In 1963 Terry also participated in the March on Washington for Jobs and Freedom. In the aftermath of this event, Students for a Democratic Society (SDS) began Jobs or Income Now (JOIN) Community Union to provide assistance for whites who had migrated from the South and resided in Chicago's Uptown neighborhood. In 1964 local Student Nonviolent Coordinating Committee leader Monroe Sharp introduced Terry to JOIN and she became editor of the organization's community newspaper, The Firing Line. JOIN worked to obtain jobs or welfare for residents by protesting at the local welfare office and providing adult educational programs. JOIN also criticized the use of police brutality and opposed Mayor Richard Daley's urban renewal plans that threatened to displace many Uptown residents. It was around this time that Peggy and Gil Terry split up and Peggy and her children moved Uptown. When the SDS withdrew funding from JOIN in 1967, Terry operated the organization out of her home.

While involved with JOIN, Terry also participated in other social action organizations. In her opposition to the Vietnam War, she became both a member of the Chicago Council for Peace and Voters for Peace. She attended Voters for Peace events and assisted peace candidate John J. Walsh during his campaign for alderman in the 40th district. Terry also advocated for the political rights of Appalachian coal miners through her participation in the Appalachian People's Congress. Convened by the Congress of Appalachian Development, the group endeavored to help residents of Appalachia exercise their political rights.

In 1968 Terry sat on the steering committee for the Southern Christian Leadership Conference's Poor People's Campaign. Headed by Reverend Ralph Abernathy after Martin Luther King's assassination on April 4, the campaign aimed to both expose the conditions that poor Americans of all races lived in and obtain assistance for these people in the form of jobs. On the participants' way to Washington, D.C., Terry spoke before a mass meeting of 3,000 people held at John Welsey AME Church in Columbus, Ohio.

Also in 1968, Terry ran for Vice President on the Peace and Freedom Party ticket with Eldridge Cleaver as the Presidential candidate. As a result of Cleaver's imprisonment, Terry campaigned alone across the country. Her platform included the need for schools to educate children rather than train them for the needs of big business, increasing the taxes on corporations while reducing working people's taxes, and ending the draft and the Vietnam War. Terry never believed they would win, but utilized her campaign to recruit young poor whites' participation in JOIN, which was renamed the National Organizing Committee in 1968.

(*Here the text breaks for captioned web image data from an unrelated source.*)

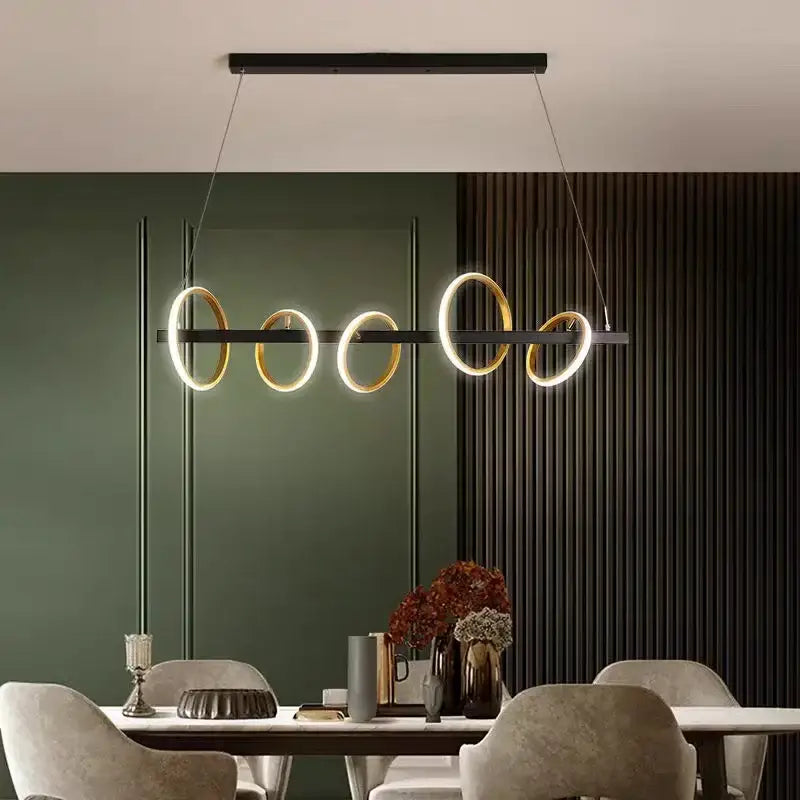 Modern minimalist decorbites led industrial chandelier with five glowing gold and black circular rings for dining room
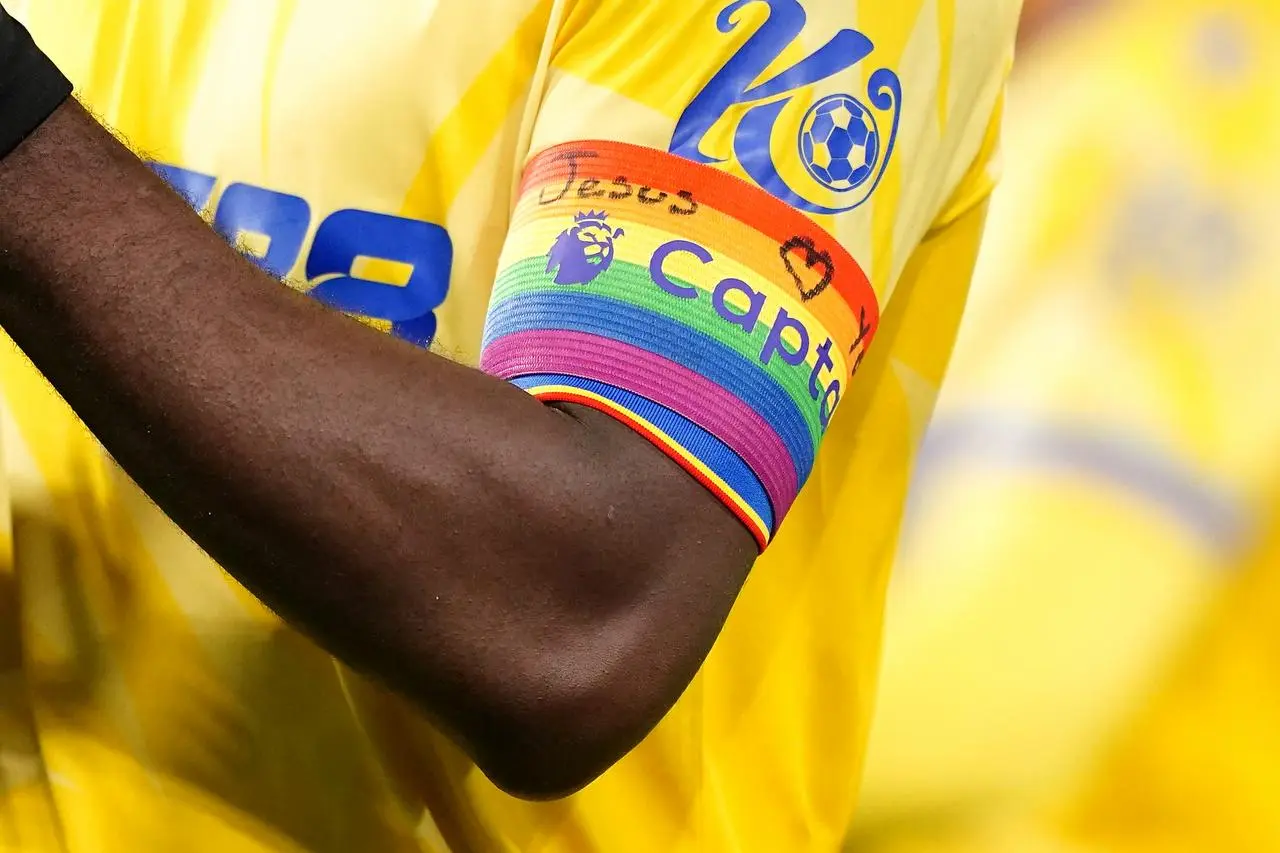 Close up of Crystal Palace’s Marc Guehi wearing the adapted rainbow armband against Ipswich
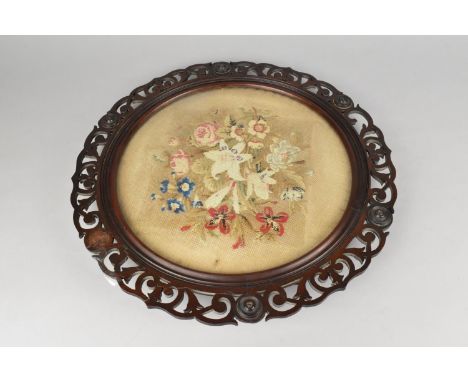 A 19th Century Circular Pierced Mahogany Framed Containing Floral Tapestry, 41cms Diameter Overall, Condition Issues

After the election, Terry returned to Chicago to continue her work as an activist. In the mid 1970s, she appeared on Chicago journalist and broadcaster Studs Terkel's radio show to promote the need to help poor Southern whites both in Uptown and Appalachia. Around this time, the National Organizing Committee was dissolved and Terry began to experience health problems. Despite deteriorating health, she continued her social activism. She wrote to politicians and monitored the work of local organizers. She supported designating January 15th Martin Luther King, Jr. Day in honor of his sacrifice. In the 1980s, she advocated for the end of the nuclear arms race. After years of poor health, Terry died in Chicago in 2004.